To predict whether β-lactamase inhibitors can reduce PER-1-mediated enzymatic hydrolysis of cefiderocol, we carried out covalent docking with molecular mechanics/generalized Born surface area (MM/GBSA) scoring. Avibactam, durlobactam, and taniborbactam received more negative covalent docking scores than cefiderocol (see TableS5 and Fig. S6A). This is likely due to their small volume, which might make it easier for them to adopt a position suitable for the hydrolysis reaction. Consequently, avibactam, durlobactam, and taniborbactam might be more likely than cefiderocol to react with PER-1. In contrast, the inhibitory effect of sulbactam is likely weaker, as we observed a less negative ΔG (see Fig. S6B). To prove the results of our computational predictions, we added avibactam, durlobactam, or sulbactam to cefiderocol and performed susceptibility testing. Consistent with the predictions of the covalent docking analyses, a >32-fold reduction in cefiderocol MIC values in strains producing PER-1 was observed when avibactam was added, while durlobactam resulted in a ≥64-fold MIC reduction (Table 2). To evaluate the inhibitory action of β-lactamase inhibitors toward PER-1, competition assays were performed with nitrocefin as a reporter substrate. The K_i values of durlobactam were significantly lower than those of avibactam (0.0016 ± 0.0009 μM versus 0.48 ± 0.02 μM), and avibactam and sulbactam had similar K_i values toward PER-1 (see Table S3). A reduction of cefiderocol MIC values caused by avibactam was observed in previous studies (7), while durlobactam used in combination with cefiderocol is first reported here. Durlobactam is a new β-lactamase inhibitor with broad-spectrum activity against Ambler class A, C, and D serine β-lactamases (25). Cefiderocol combined with avibactam or durlobactam might be an effective therapeutic approach against A. baumannii strains producing PER-1.
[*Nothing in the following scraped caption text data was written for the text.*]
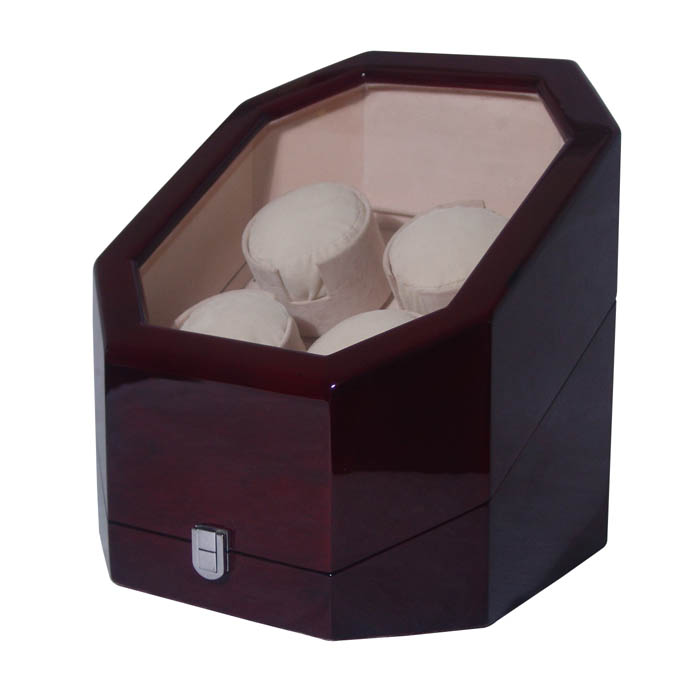 Luxury watch winder,automatic watch winder  wa037-11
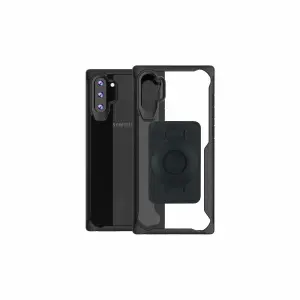Βάση smartphone για τιμόνι Tigra fit-clic néo image-4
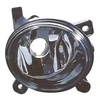 Image de Phare Antibrouillard Droit Berline 0327996 Van Wezel Van Wezel 0327996 Audi;Seat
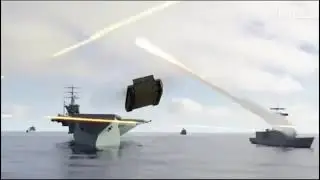 Footage of T59 (reupload, with soundwork)
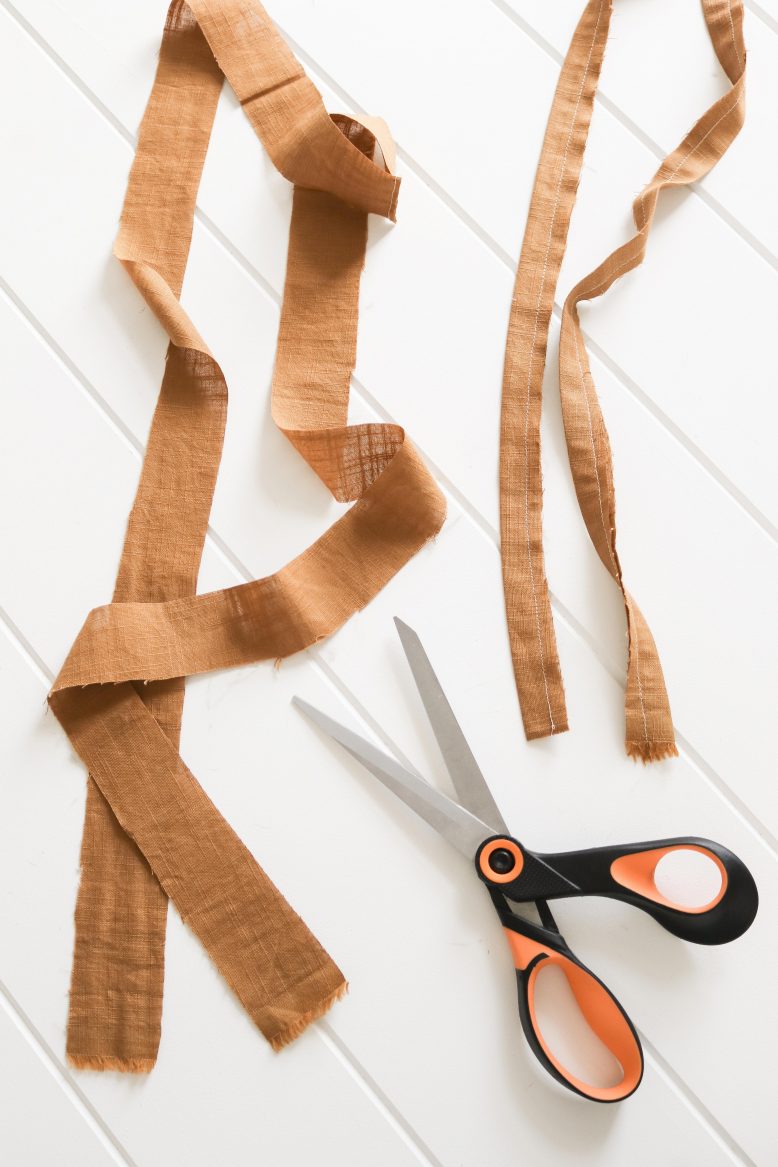 cloth face mask tutorial (11 of 18)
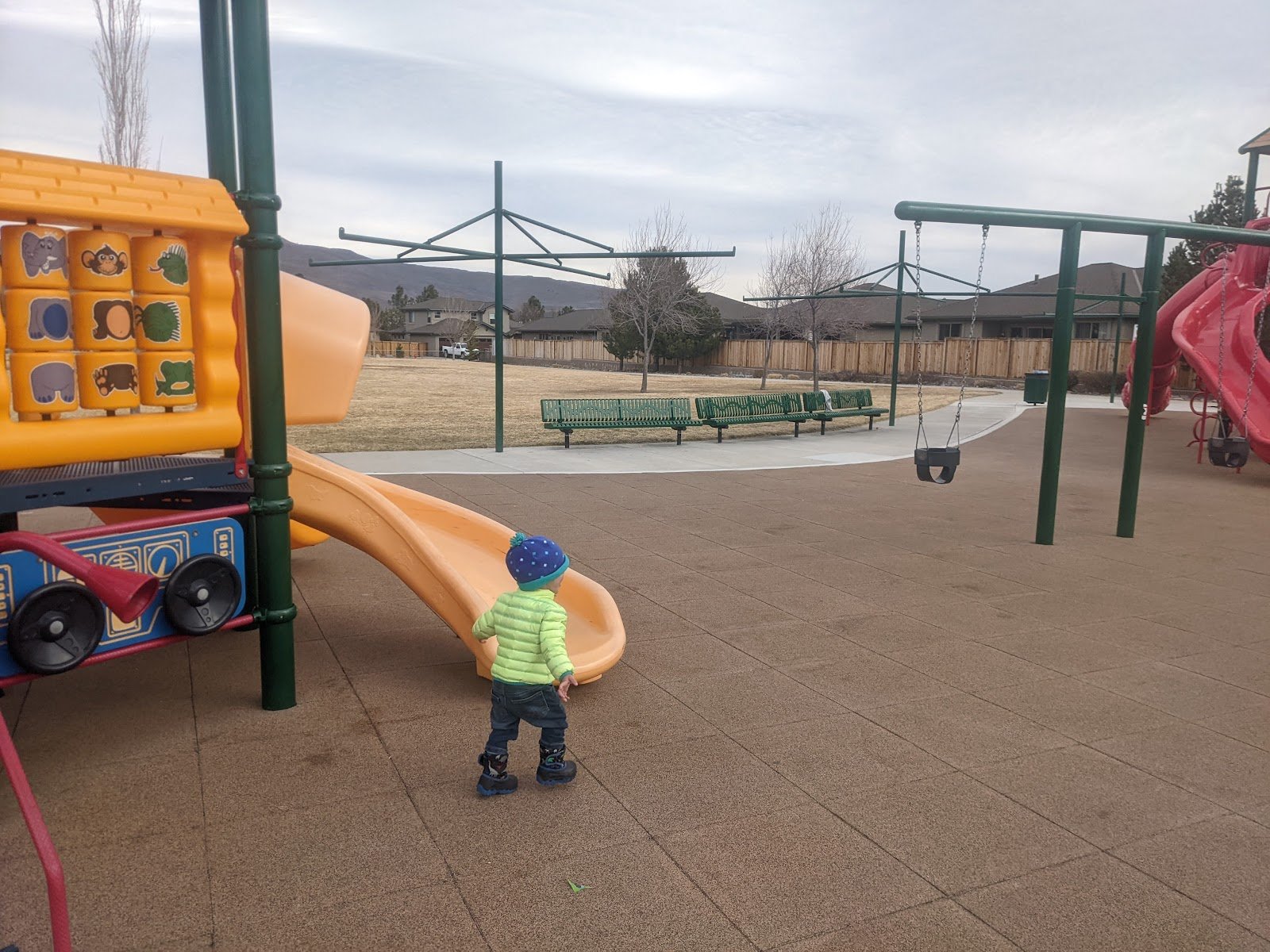 john-mankins-playground-2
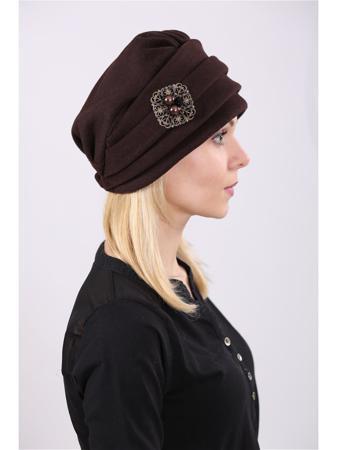 Шапка ЭтоЭльф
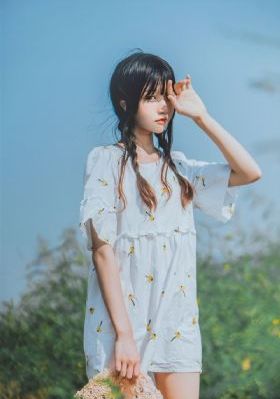 成人A免费在线观看_在线播放高清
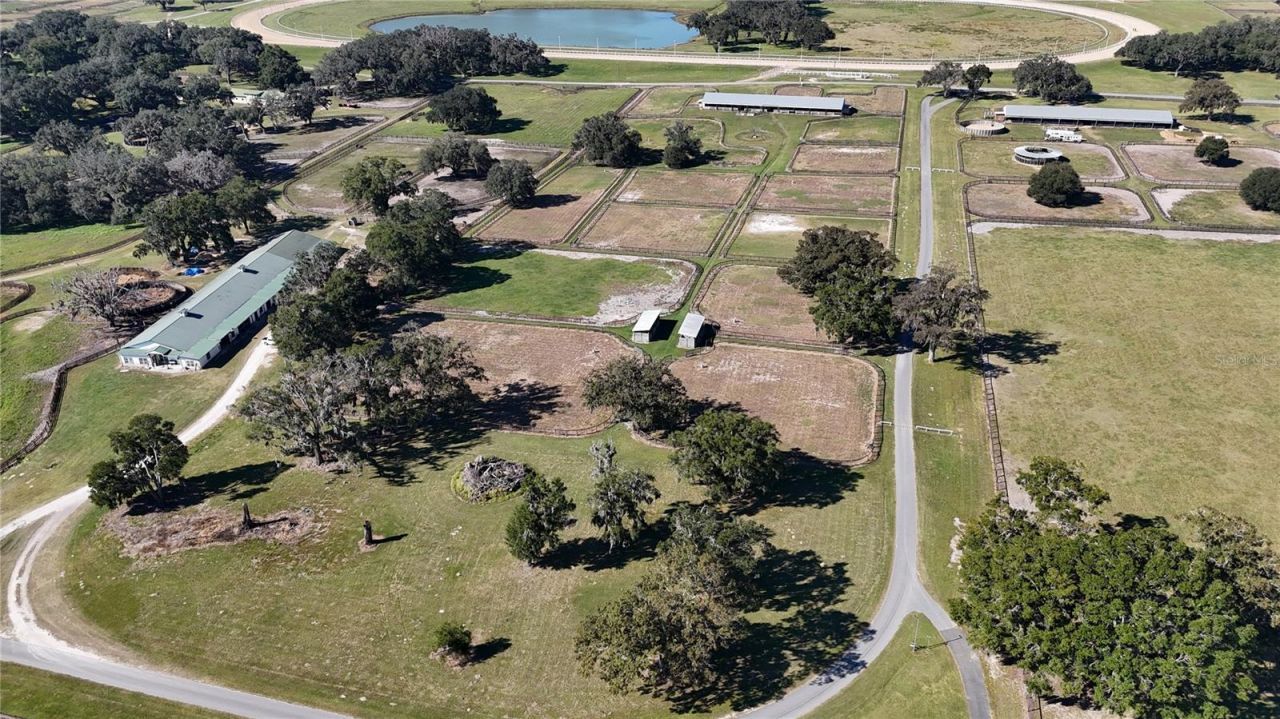 2711 SW 125th Avenue, Ocala, FL 34481 Photo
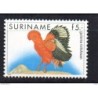 Sello n 1033 Suriname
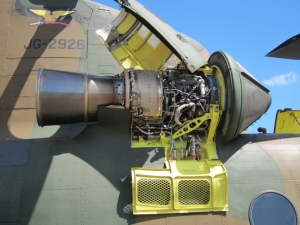 yokota 013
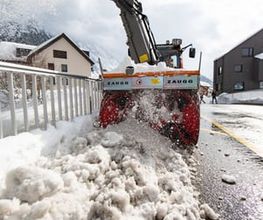 ZAUGG AG EGGIWIL Bild 4
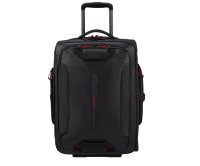 Samsonite Prodiver Duffel/Wheel 55 cm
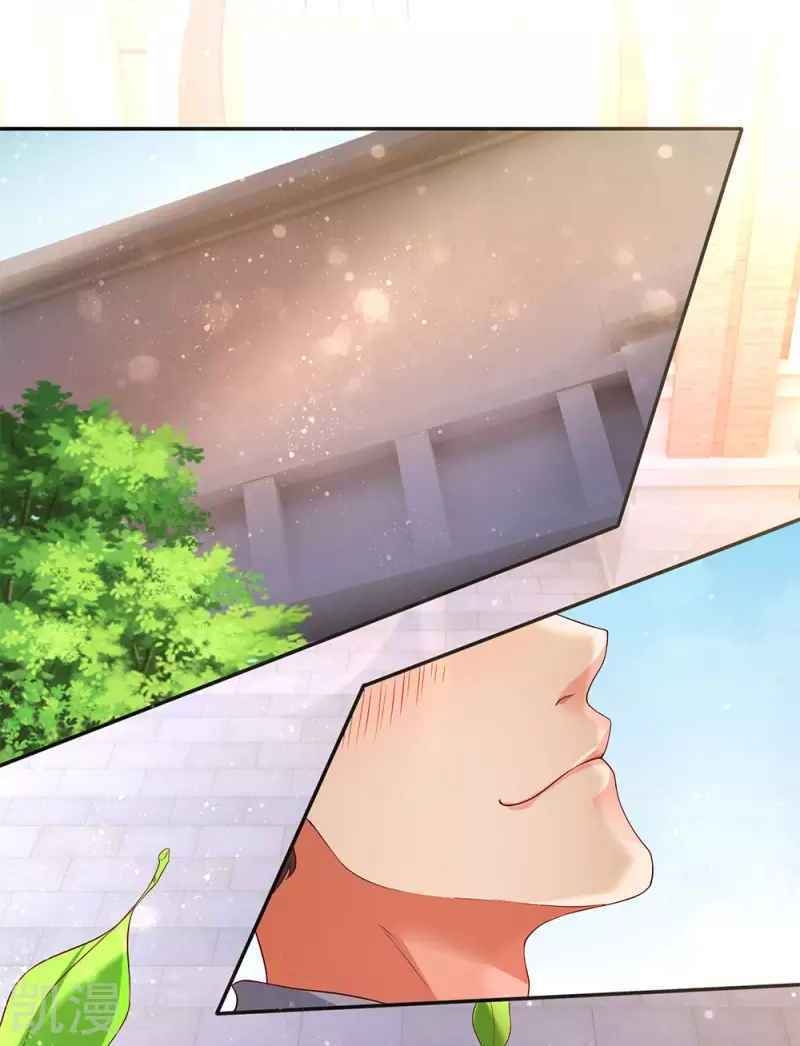 Vạn Cổ Thần Vương Chap 203 - Next Chap 204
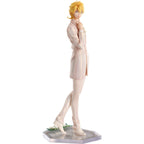 Zdjęcie produktu Doukyusei Figurka PVC 1/7 Hikaru Kusakabe: Wedding Ver. 24 cm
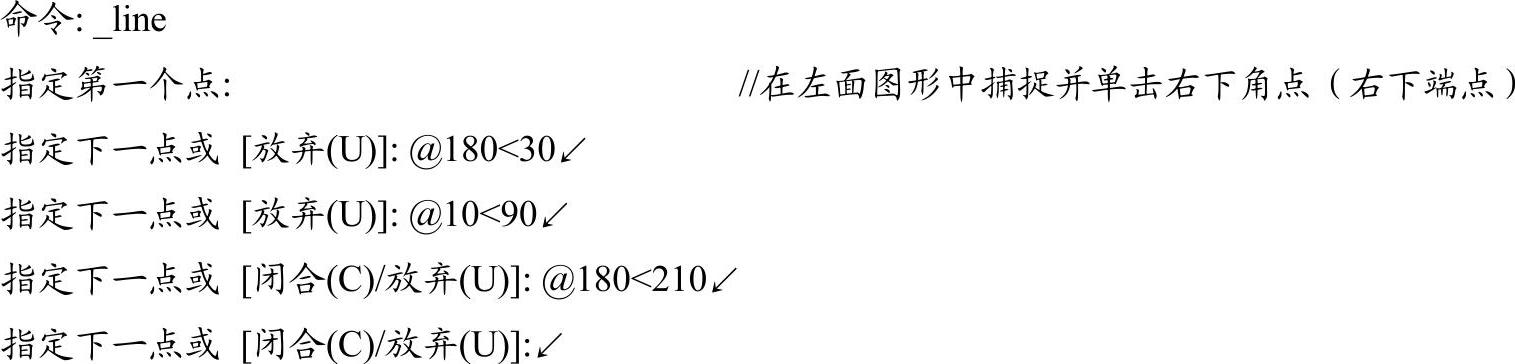 978-7-111-50478-8-Chapter10-84.jpg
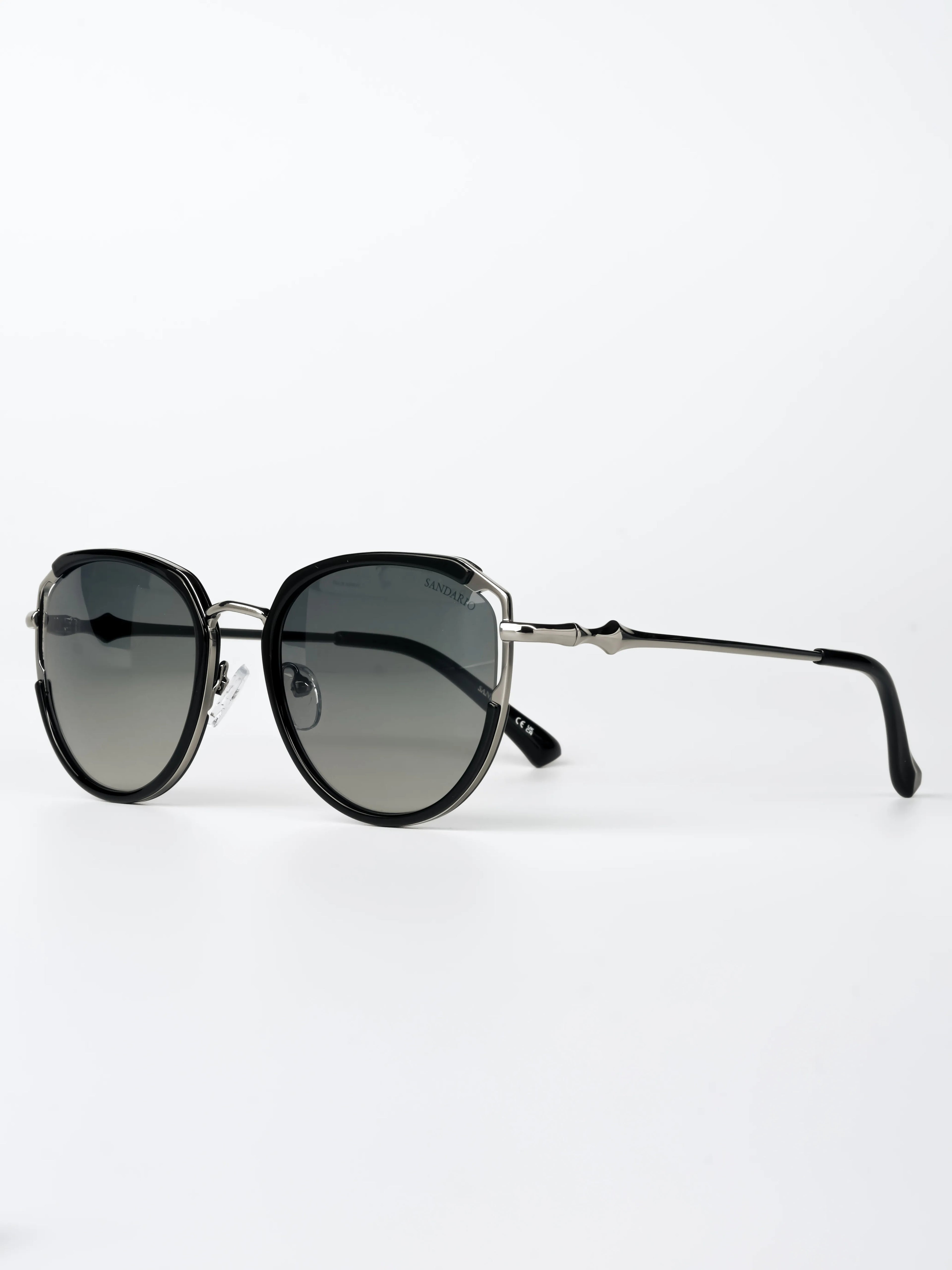 CLASSICO - Smoke Gradient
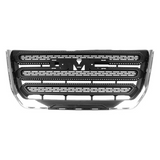 OEM Frontont Grille For Gmc Terrain 2016-2017(GM1200723OE)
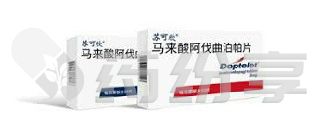 国内3~1 2026082411450063024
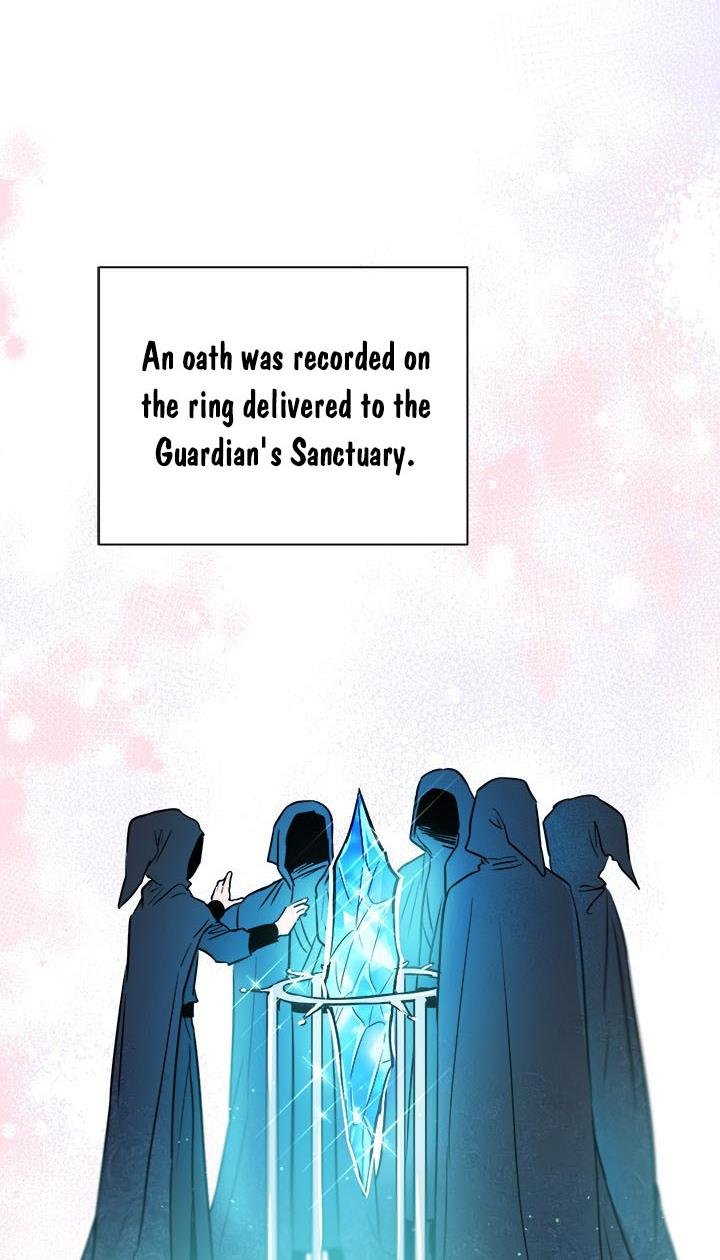 The Princess’s Double Life Chapter 24 - Page 17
Cefiderocol was highly effective against 131 clinical A. baumannii strains we collected in Hangzhou, China. We demonstrate that the production of the extended-spectrum β-lactamase PER-1 is a key factor mediating cefiderocol resistance, because it can hydrolyze cefiderocol, while the bla_PER-1 copy number positively correlates with the resistance level. Most importantly, PER-1-mediated hydrolysis of cefiderocol can be inhibited in the presence of avibactam or durlobactam.

Approval was obtained from the Ethics Committee of Sir Run Run Shaw Hospital, Zhejiang University School of Medicine (reference number 2022-446-01).

Data availability.

The complete sequence of A. baumannii strain XH1820 has been deposited in the GenBank nucleotide database under accession numbers CP096890, CP096891, and CP096892.